You can’t really fault us, either. Few people feel giddy at the prospect of throwing something away. Some part of us knows that yeah, that empty plastic bottle will be here long after I’m gone, compacted beneath truckloads of used diapers and orange rinds and stained furniture with rusted springs protruding from the armrest. But once we’ve tossed the bottle into the bin, once the bin goes to the curb, once the diesel-belching monster has carted it off to parts unknown, do we ever think of it again? Are we sitting in the office one Thursday morning with an idle moment or two when it comes back to us: “Hey, whatever happened to that water bottle? I wonder how it’s doing.” Hardly. And that’s normal. Nothing cruel about it.
By the strictest definition of the concept, the human heart is biodegradable. All living flesh breaks down in time, once the spark of life is gone. But when a heart is thrown away, it doesn’t go to that far-off place lined with trees where the gulls converge in swarms. It lingers in its container, emptied of purpose like the bottle drained of its single serving of water. It beats on despite its wounds. And you can’t really bring yourself to hate the person who tossed it. They didn’t need it anymore. That’s all. It wasn’t an act of wanton cruelty, or a conspiracy of nastiness directed specifically at you, no more than is directed at a banana peel once the good part’s been eaten. There was a relationship, and for a while, it was wonderful. And then wonder became familiar, and familiar devolved into predictable, and predictable broke down further into boredom. The spark dimmed to an ember and snuffed out. Little to do then but shovel the cold ash into the bag.
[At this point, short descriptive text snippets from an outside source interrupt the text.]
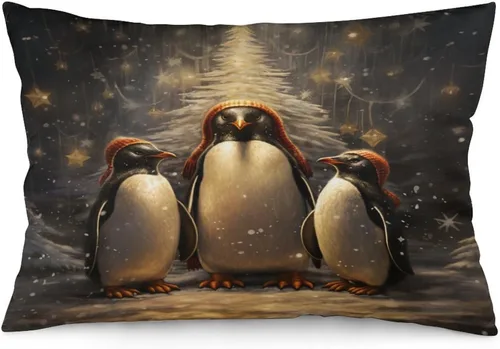 Vista 28 de Fundas de almohada con diseño de pingüinos de Navidad de 12 x 20 pulgadas, diseño de pingüinos en acuarela de Navidad, fundas de almohada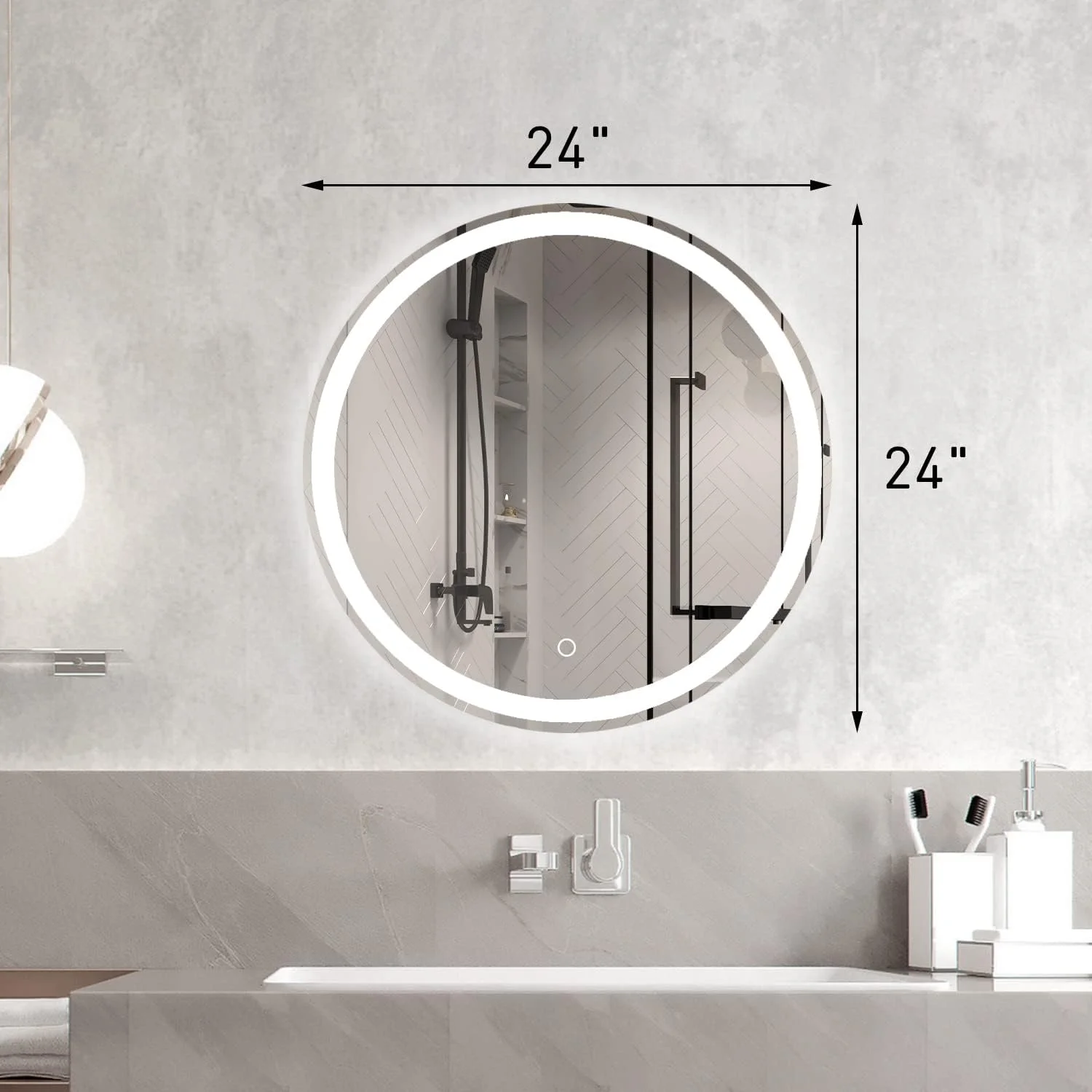 آینه گرد دیواری 60 سانتی‌متری مناسب حمام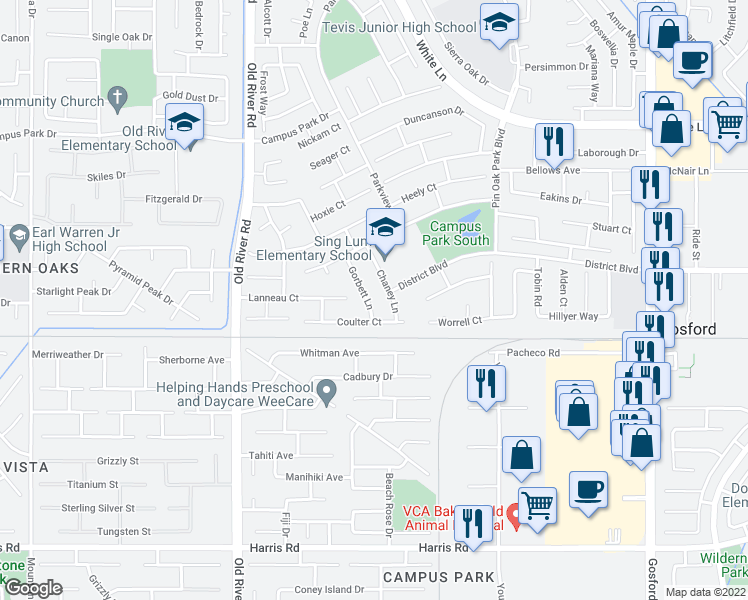 map of restaurants, bars, coffee shops, grocery stores, and more near 4620 Gorbett Lane in Bakersfield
The waste management guys talk about finding newspapers from forty years ago whose headlines are still clear and vibrant. “Hey, apparently Nixon resigned, did you hear that?” You won’t find hearts in landfills; they remain sealed in the manufacturer’s original packaging. Though it might be sometimes treated as trash, the heart has a singular advantage: it can heal. Biodegradation, in this case, is a choice. You don’t have to break down if you don’t want to. You can love again.